- Symbol: Au (from Latin aurum)
- Atomic number: 79
- Weight: 196.97
- One of the "noble" metals that do not oxidise under ordinary conditions
- Used in jewellery, electronics, aerospace and medicine
- Most gold in the earth's crust is thought to derive from meteors
- Biggest producers: China, Australia, US, Russia


Gold is valuable primarily because a lot of people believe it is. Gold's value is a cultural phenomenon. Its price is determined by a complex combination of factors but not necessarily need. Cultures that do not use gold or do not seek it do not value it. Gold is mainly an investment commodity. It is seen as a refuge from shaky currencies during tough economic times.


Gold has been prized throughout history. Cultures ranging from the ancient Egyptians to the Chinese to the Native Americans valued it for its beauty and unique characteristics. Gold was so treasured that the pursuit of it led to human atrocities ranging from war to colonialism to slavery. The Americas were colonized largely as a result of gold exploration. Spanish conquistador Hernan Cortez wiped out the Aztec Empire, and fellow Spaniard Francisco Pizarro destroyed the Inca Empire while plundering gold. Many human migrations, like the 1849 "gold rush" to California, were a direct result of gold discoveries. So many people moved to the California Territory that it gained statehood decades earlier than surrounding territories. Most paper money around the world was based on the gold standard until the 20th century. The Great Depression prompted most countries to leave the gold standard by 1932.

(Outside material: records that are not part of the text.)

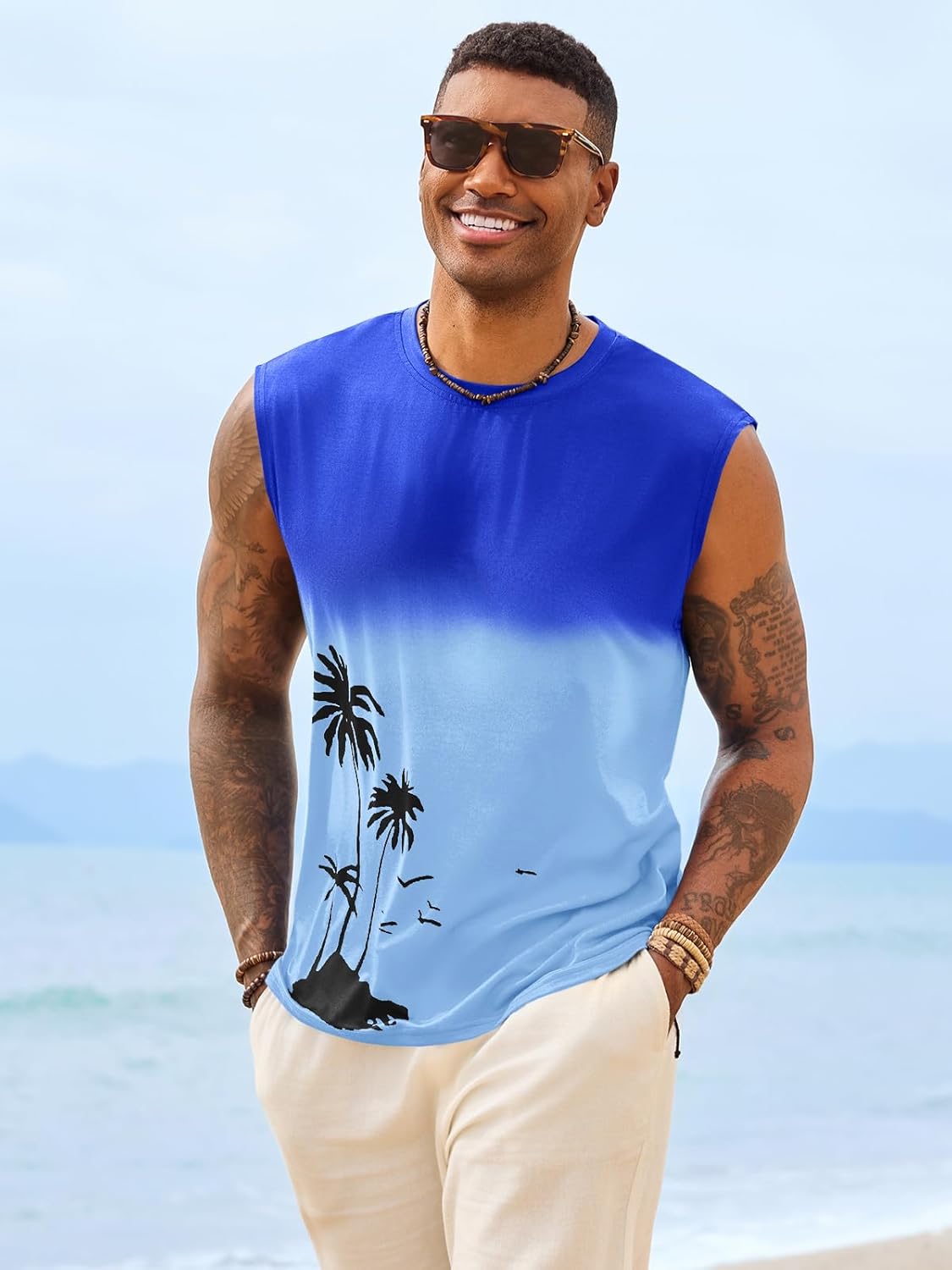 Runcati Mens Graphic Tank Tops Sleeveless Palm Tree Gradient Shirts Beach Hawaiian Gym Muscle Workout Tops - Image 2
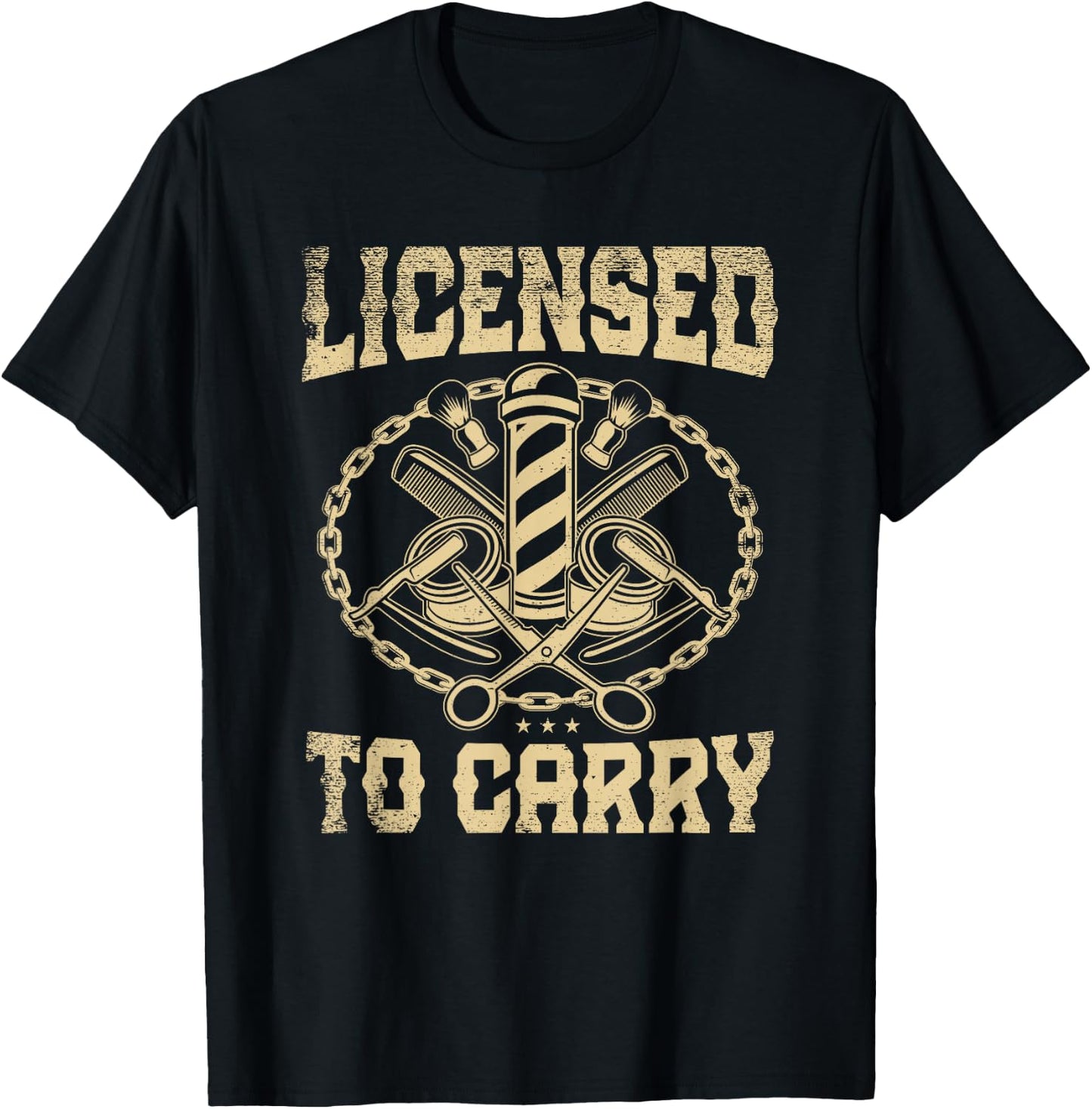 Licensed to carry for a Barber Hairdresser Funny Hairstylist T-Shirt - T-Shirt | Black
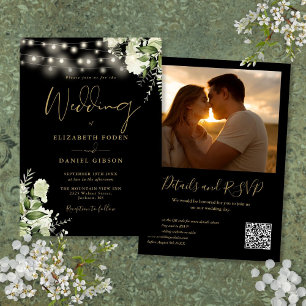 Convite Casamento de Foto do Código QR das Luzes Douradas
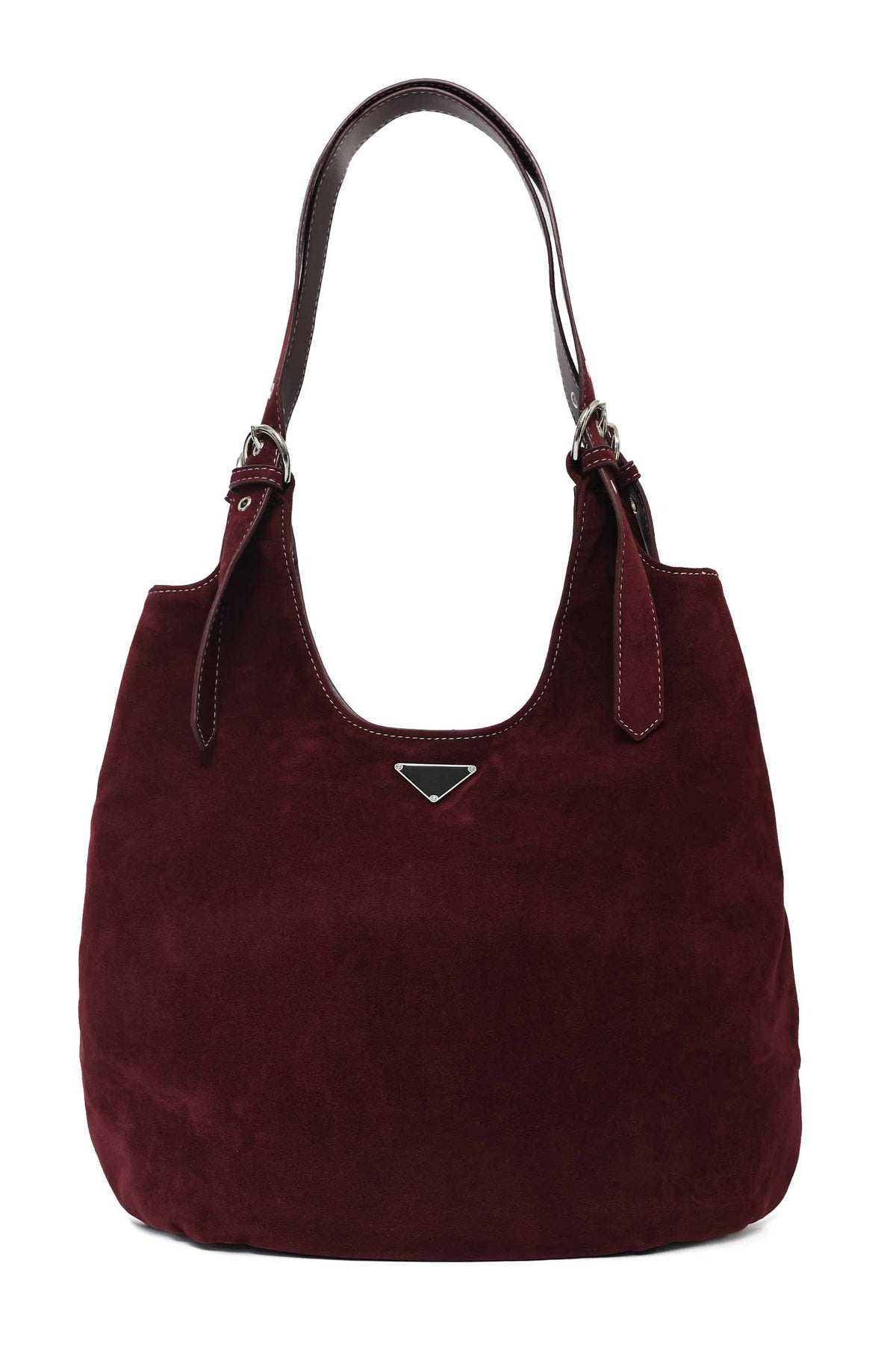 NOIR CURVE HOBO BAG-MAROON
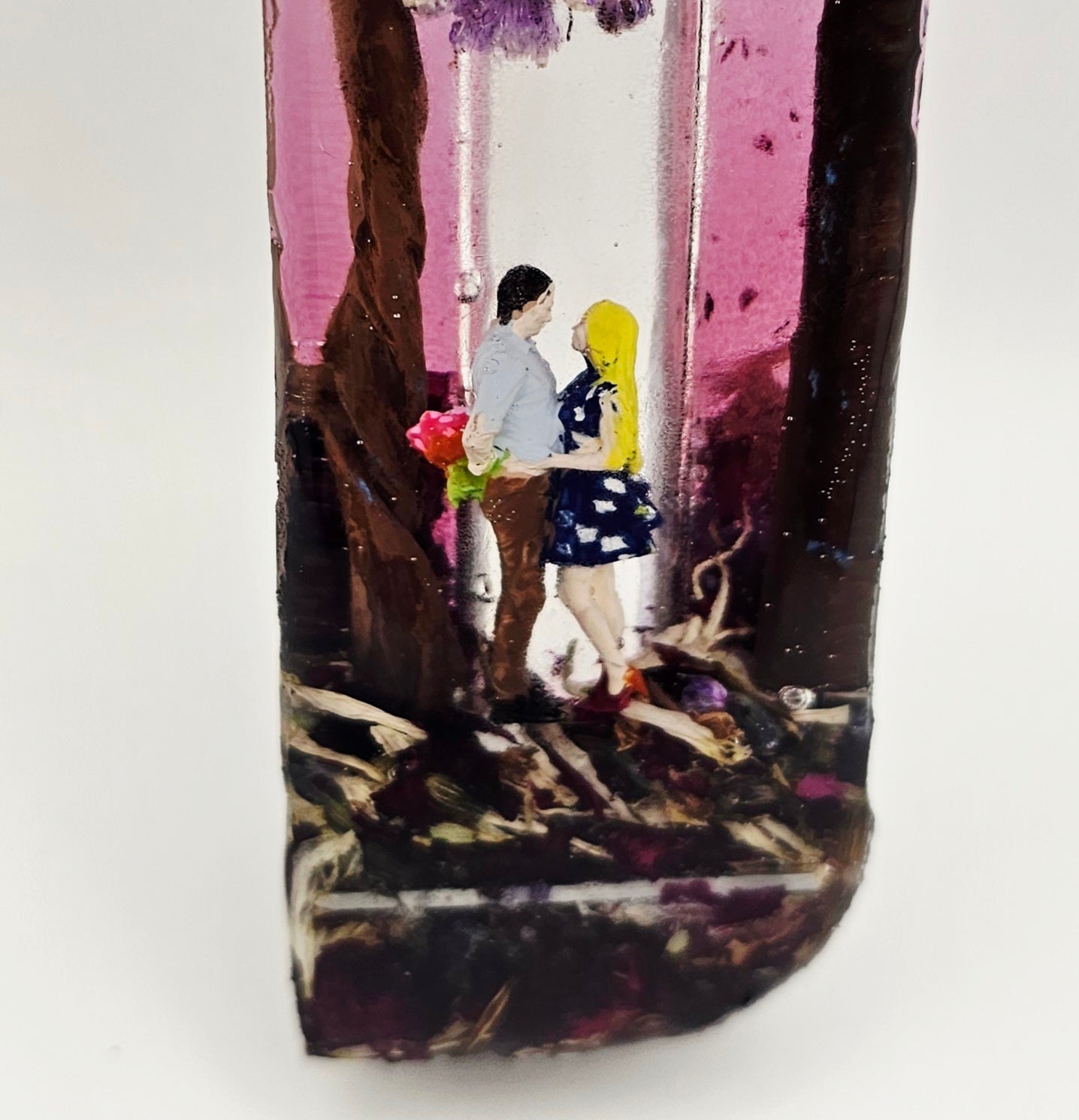 Mezuzah with a story - Loving Couple - 12cm #261 מזוזה עם סיפור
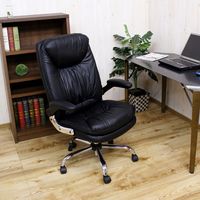 後藤家具物産 オラフ OAチェアー 跳ね上げ式肘 ソフトレザー 座面ポケットコイル ブラック OA-ORF-BK 1脚（直送品）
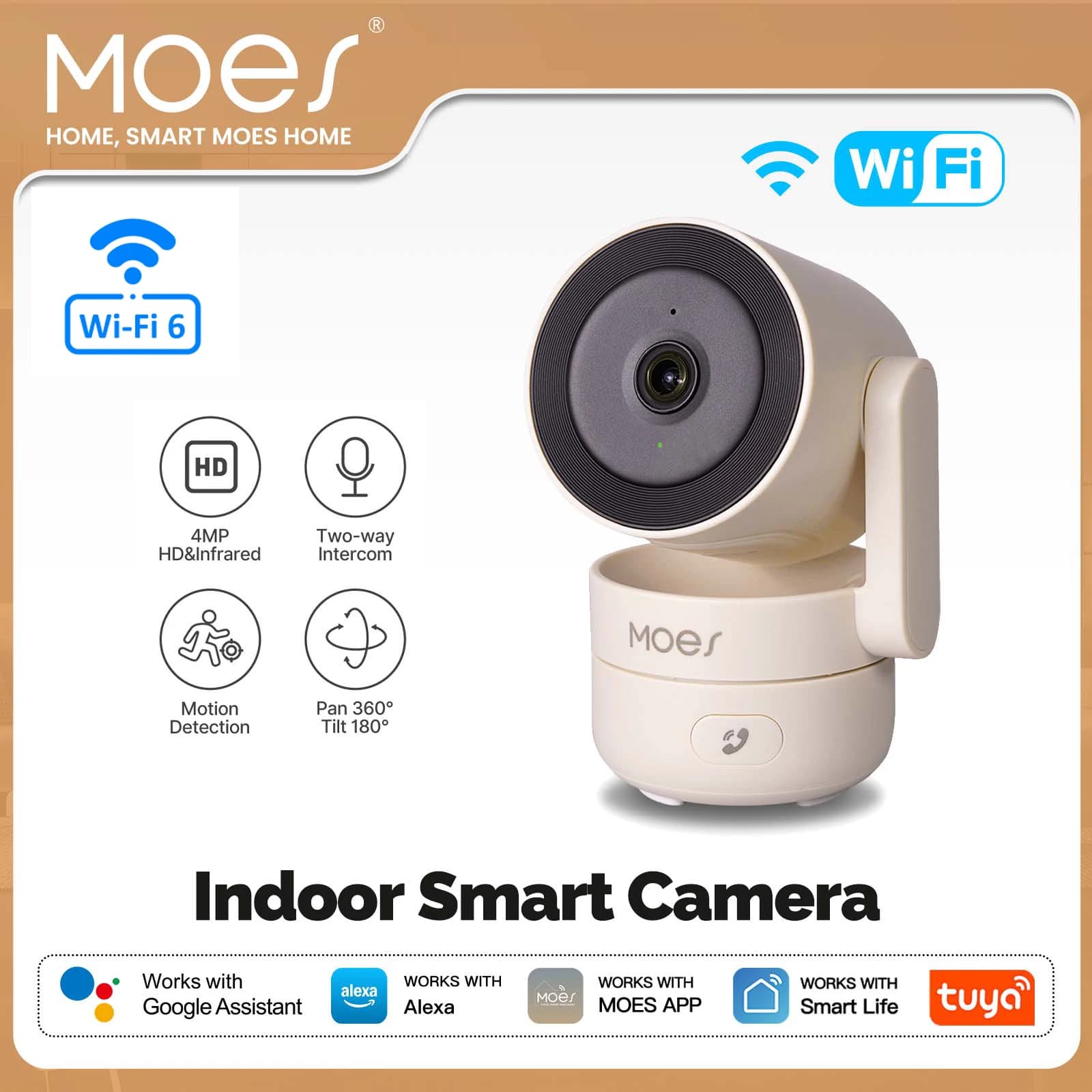 MOES Tuya Wi-Fi 6 Smart Indoor 4MP HD Telecamera di sicurezza Pan/Tilt Monitoraggio del movimento e rilevamento del suono Monitor per visione notturna a infrarossi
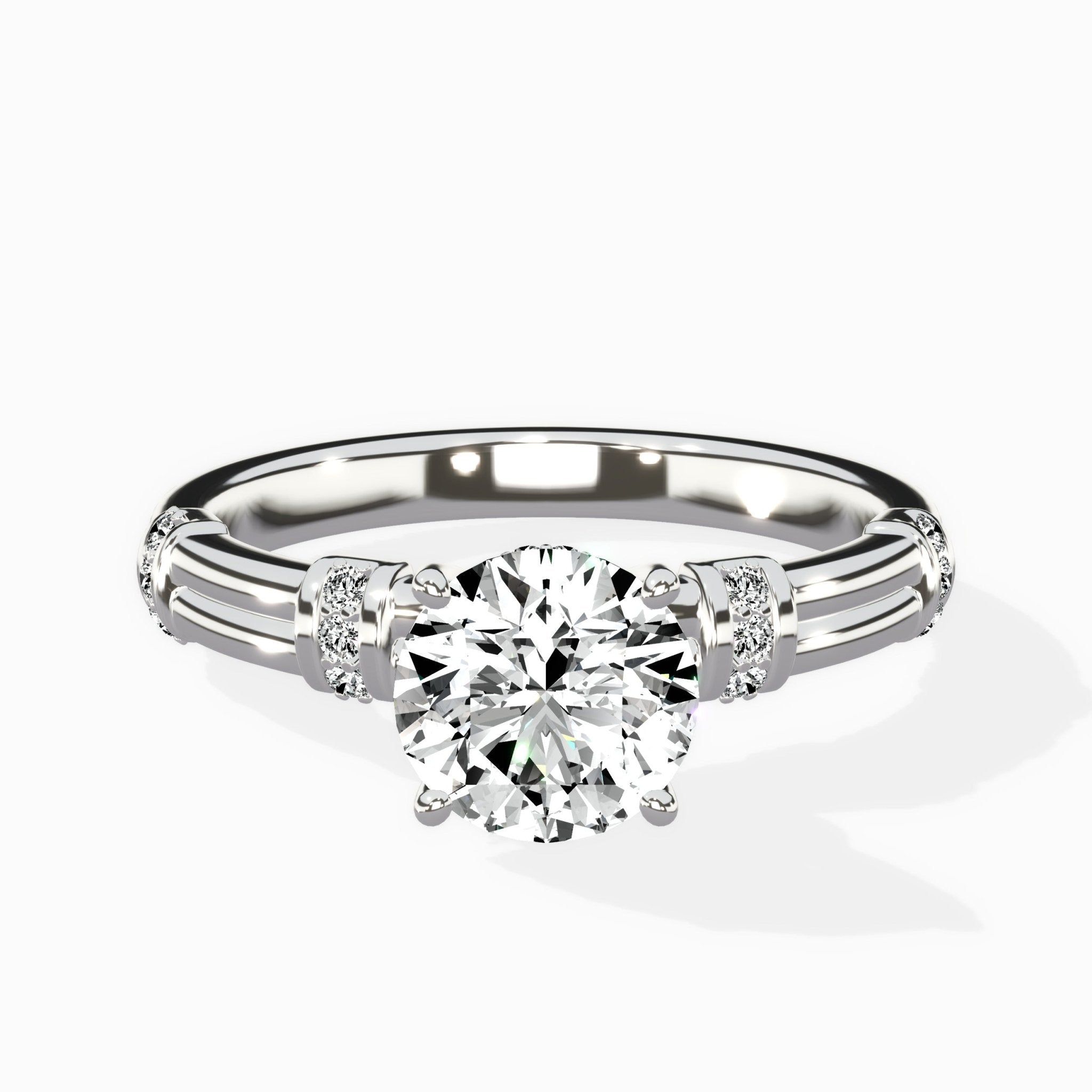 Ornate Six Prong Vintage Solitaire Ring Engagement Ring - The Better Diamonds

Gold is valuable because it has unique properties. It is a soft metal, so it is easy to forge but incredibly strong. It does not tarnish, rust or corrode. Gold maintains an aesthetically pleasing luster over time. All these factors enticed cultures all over the world to treasure gold for artwork, jewelry and coinage. Gold is an element. On the periodic table it has atomic number 79, and its symbol is Au. It conducts heat and electricity well. That makes gold useful for electronics and chemical applications. Virtually every computer in the world has some gold in it.


Gold is actively traded on world markets. It is treated as a commodity, with the actual metal never changing hands. It is seen as a refuge for investments during tough economic times. Investors believe that gold will always hold its value, while currencies and stocks will not. Gold is valued in jewelry and artwork. It does not cause allergic reactions and requires no maintenance to sparkle and look great. Gold is also treasured in coinage and bullion. Gold coins made by ancient civilizations still survive today and are prized by collectors.


There are misconceptions about how the price of gold is determined. It is not only about supply and demand. In fact, in 1999 and 2000 there was a high demand for gold jewelry but the price of gold remained low. Gold's value is influenced more by world currency markets. The price of gold is closely linked to the confidence in the U.S. dollar. The value of gold rises as confidence in the dollar falls. There is also a misconception about the definition of "pure gold." Nearly all gold in private ownership is an alloy, meaning it is partially gold. It is commonly combined with silver or copper to make it hard enough to handle. Eighteen-karat gold is only 75 percent gold. Fourteen-karat gold is less than 60 percent gold.


Gold is also valuable because of its rarity. It is estimated that all the gold in the world would form a cube measuring just 19 meters on each side. That is a remarkably small amount considering the size of the Earth. More gold is mined all the time, but demand also increases as there are more people to desire it.